I liked the nutrition suggestion. People usually give the normal. That is definitely an interesting one. i really wish I could go 100 weight lifting and pushing for a healthy (more disciplined as well) self. I tried it once before with my older brother, going all out with protein bars/shakes and all that. But we both crumbled, especially in respect to the nutrition side of it. My perfectionism (do you notice?) stopped me from continuing when I couldn't go all out. Evidently, the discipline side of it wasn't established.
 
Sometimes it's best to get away from it all. Go out with your friends. Get drunk. Watch a funny movie. Go to the gym. Listen to music. These are the things I do when I realize I'm starting to go a little crazy.
 
Volunteer -- seriously. We want to get the government out of the business of taking care of people who need it, what better way to demonstrate that government is not necessary for these things, than to do it yourself! Plus, helping people is an end in itself.

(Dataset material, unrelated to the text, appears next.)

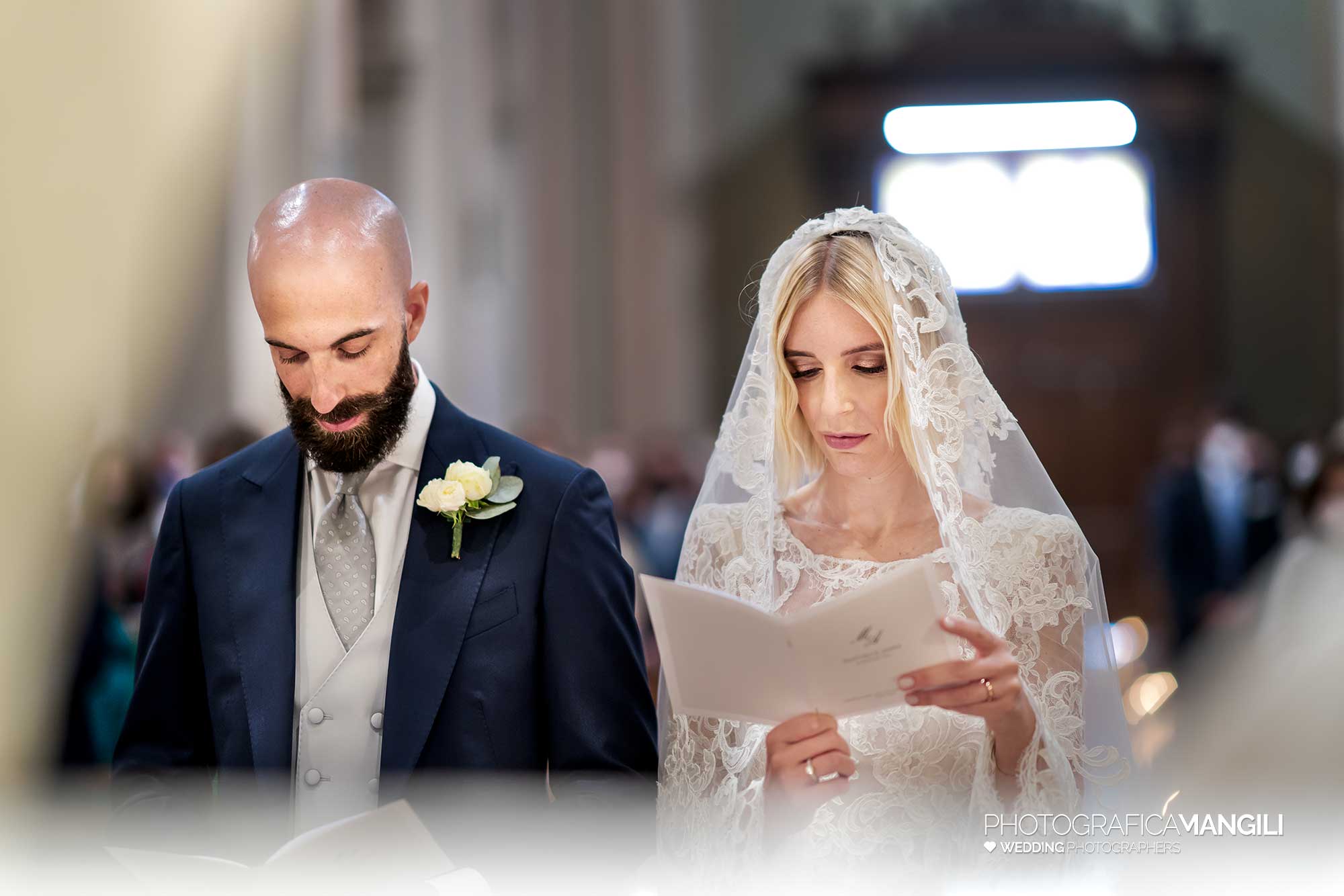 028 fotografo matrimonio reportage wedding rito religioso chiesa ritratto sposi libretto bergamo 028 fotografo matrimonio reportage wedding rito religioso chiesa ritratto sposi libretto bergamo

I wish I didn't have a full time plus job, because I'd love the opportunity to volunteer full time. I'd like to tutor and teach, but you could get into whatever you're most interested in. I recommend something where you work directly with people.

Just an idea.
 
Stop thinking about economics for a while and focus more on life in general.

After all, regardless of what you think of Keynes he was right about one thing: "In the long run, we are all dead."
 
There are some really good ideas here, gardening (one of my absolute favorites), volunteering, taking a walk.

There's something incredible about planting a seed, tending plants and harvesting a crop.

I like things where you can see the results of your labor; it gives me a great deal of self-satisfaction and often makes all the negatives go away. I also have perfectionist tendencies which I've pretty much overcome by starting small instead of letting the big picture get me down when I'm learning something new.

I've also found things like refinishing a piece of furniture, repairing the kitchen sink or a small carpentry project to be very uplifting.

If you're good at something, volunteer to tutor a child in the inner city. Many of my friends volunteer at the local animal shelter and love it.

Good luck. I think a lot of us have been through this type of thing since our eyes have been opened. Life goes on though. Participate by making your little place in the world a bit better.